Боже мой! Не мое дело! А если я — талант, если то, что я написала, прекрасно? Если я дрожала и замирала от восторга при чтении написанного мною так же точно, как и при чтении великих писателей — Гоголя, Пушкина, Лермонтова и Толстого? Нет, не следовало мне говорить это tante Lise, она не поняла и не оценила меня и не может понять ничего, кроме своих интересов, накрепко замкнутых в тесный круг светской жизни! И сейчас, не остывшую еще от лихорадки первого творчества, она начинает забрасывать меня праздными вопросами по поводу вчерашнего вечера: много ли я танцевала? любезно ли относилась ко мне хозяйка дома и какие туалеты были на княгине Д. и баронессе Е.?

Мне становилось больно от ее вопросов. Мои мысли были полны "Сном девушки" и сама я витала так далеко "от земли. Но я села подле tante Lise и дала ей подробный отчет о проведенном мною на балу вечере, стараясь, однако, не промолвиться о том, что все вальсы и даже грандиозный котильон, дирижируемый Вивой, я просидела в полуосвещенном будуаре молодой баронессы, никому не нужная и позабытая всеми. 

VI

— Это написали вы? Судорога сжала мне горло, и я с трудом ответила:

— Да.

Маленький, подвижной и юркий старичок редактор недоверчиво повел на меня поверх очков своими быстрыми глазками и, положив руку на первый лист моей тщательно в третий раз переписанной рукописи, проговорил медленно, точно взвешивая каждое слово:

— Но вы и не подозреваете, мадемуазель, того, что вы написали что-то очень хорошее. Вы работаете давно?

— В первый раз.

— Как в первый раз? — приподнялся он на стуле.

— Я хотела сказать, что это моя первая повесть.

— Прекрасная вещь! Удивительно, что начинающая писательница, да притом еще такая юная, могла написать что-либо подобное. Мне остается поправить лишь некоторые технические стороны произведения, и только.

— Неужели же?.. — начала я дрожащим голосом.

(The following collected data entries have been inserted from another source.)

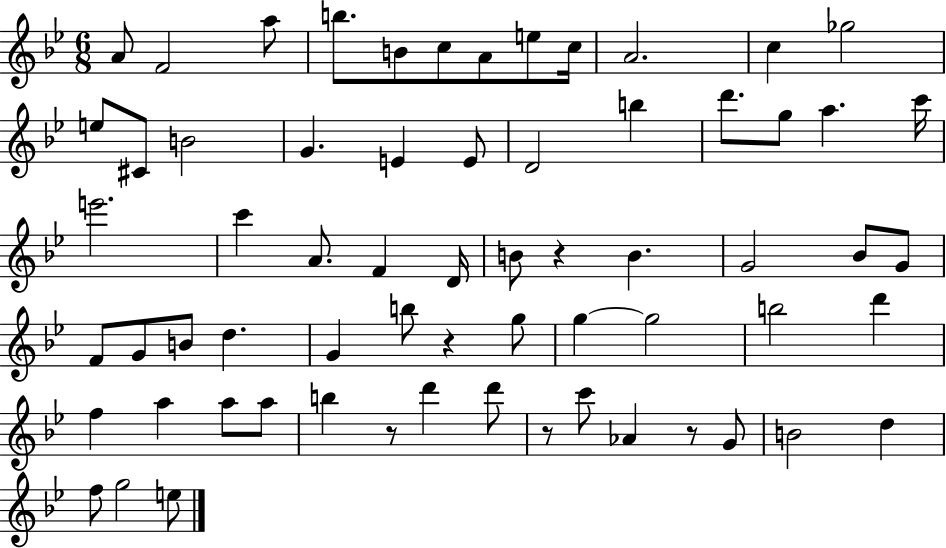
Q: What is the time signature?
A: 6/8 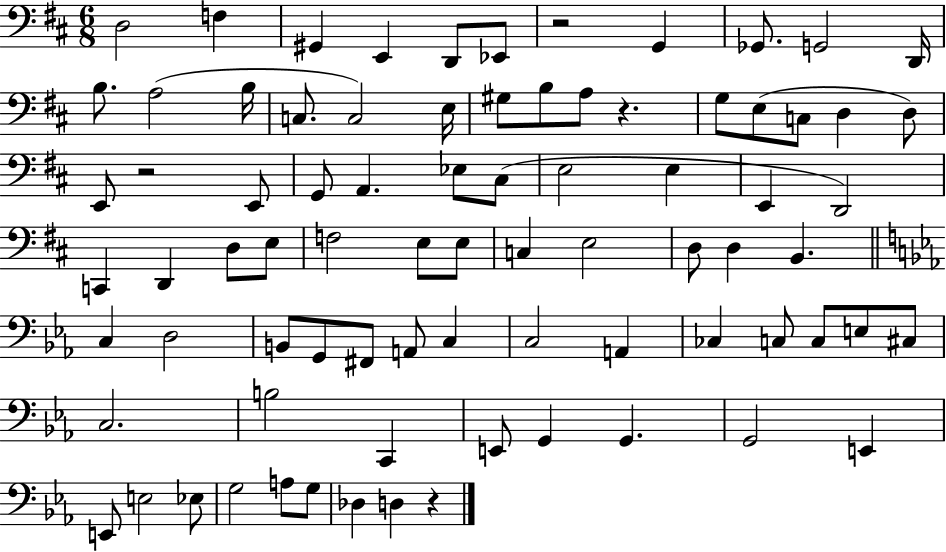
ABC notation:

X:1
T:Untitled
M:6/8
L:1/4
K:D
D,2 F, ^G,, E,, D,,/2 _E,,/2 z2 G,, _G,,/2 G,,2 D,,/4 B,/2 A,2 B,/4 C,/2 C,2 E,/4 ^G,/2 B,/2 A,/2 z G,/2 E,/2 C,/2 D, D,/2 E,,/2 z2 E,,/2 G,,/2 A,, _E,/2 ^C,/2 E,2 E, E,, D,,2 C,, D,, D,/2 E,/2 F,2 E,/2 E,/2 C, E,2 D,/2 D, B,, C, D,2 B,,/2 G,,/2 ^F,,/2 A,,/2 C, C,2 A,, _C, C,/2 C,/2 E,/2 ^C,/2 C,2 B,2 C,, E,,/2 G,, G,, G,,2 E,, E,,/2 E,2 _E,/2 G,2 A,/2 G,/2 _D, D, z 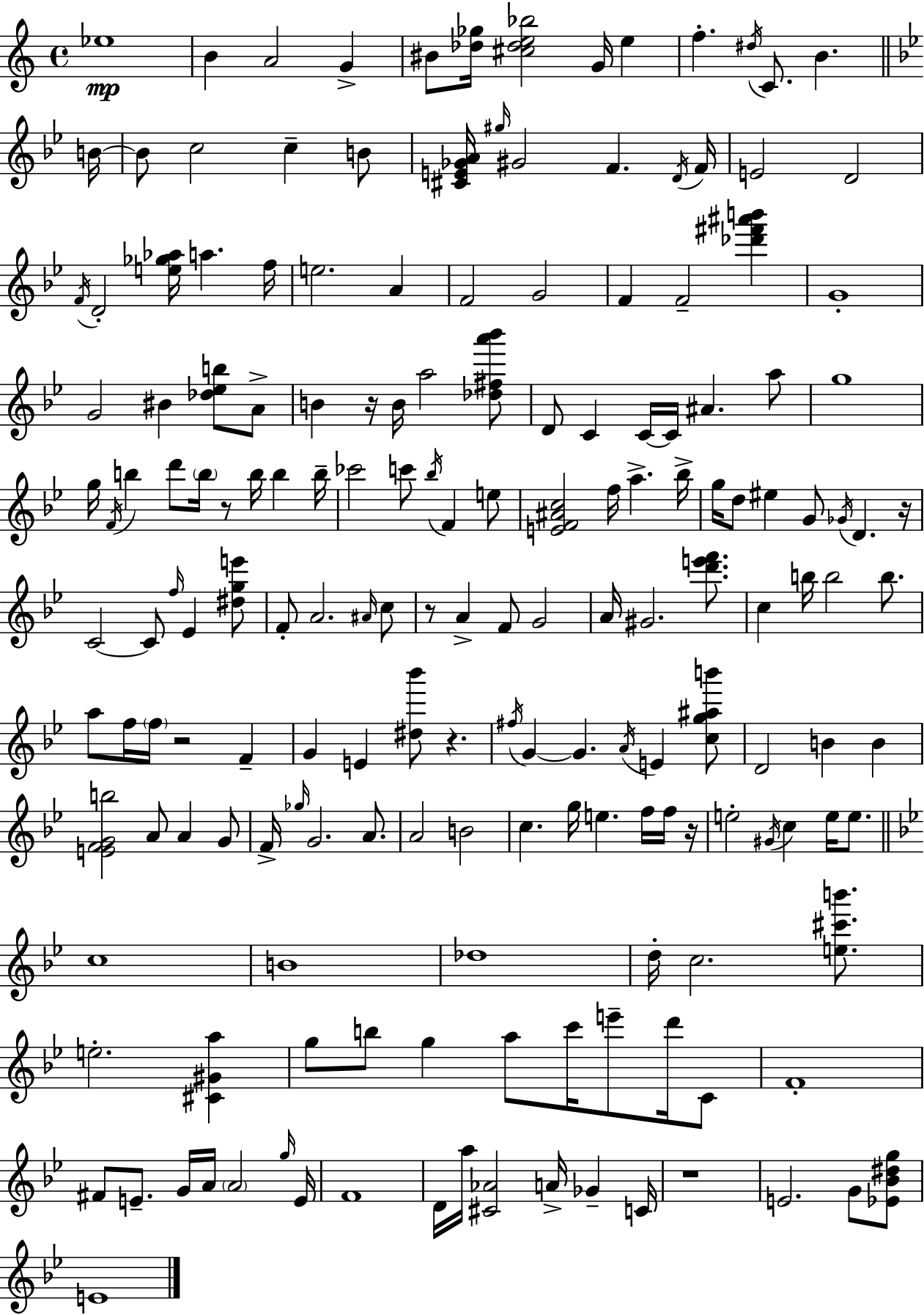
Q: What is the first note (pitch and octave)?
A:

— Вещь написана, если можно так выразиться, кровью и нервами… Тема тоже далеко не избитая, и мы охотно поместим ваш рассказ на страницах нашего журнала. Да, вам небезынтересно знать, конечно, условия гонорара? Мы платим по восемьдесят рублей за печатный лист. Эти условия могут вас удовлетворить?

Я невольно улыбнулась.

— Мне не надо гонорара, — произнесла я, мучительно краснея. — Я богата, отдайте мой гонорар нуждающимся.

— Этого нельзя, — улыбнулся в свою очередь, старик-редактор, и его лицо стало отечески-ласковым и добрым. — Вы можете это сделать сами, но редакция не смеет эксплуатировать труд своих сотрудников.

— Хорошо, — прервала я его, тут же решив вырученные деньги отдать моим бедным.